Related: How to Count Words and Characters in Excel With the LEN Function

In conclusion, the ranges and conditions after the first range and condition further narrow down the count filter and are not independent of each other. So then the final result of the formula is apples that are red and big. You can count the number of red or big apples by combining the COUNTIF function with the SUM function.

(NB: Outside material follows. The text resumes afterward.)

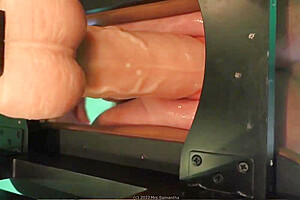 Mrs Samantha Riding Three Dildos On Her Monkey Rocker Fuck Chair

  1. Select the cell where you want to display the result of your formula. (In this example, we're going to use cell E6.)
  2. Enter the formula below:
            =SUM(COUNTIF(A3:A11, "Red"), COUNTIF(B3:B11, "Big"))
        
    This formula will count the cells containing red apples, then the number of cells containing big apples, and finally, it will sum the two numbers.
  3. Press Enter.
  4. Excel will now count and display the number of big or red apples.
SUM and COUNTIF combined in Excel.

Count More With Excel

If you have multiplied conditions for a count, or simply too long a list, then counting manually can become very frustrating. With Excel and its COUNTIF and COUNTIFS functions, you can write a formula that will take care of the counting process for you.

The small effort you make to learn this new Excel formula will allow you to gain great benefits in the future. Perhaps combining SUMPRODUCT and COUNTIF will yield some good?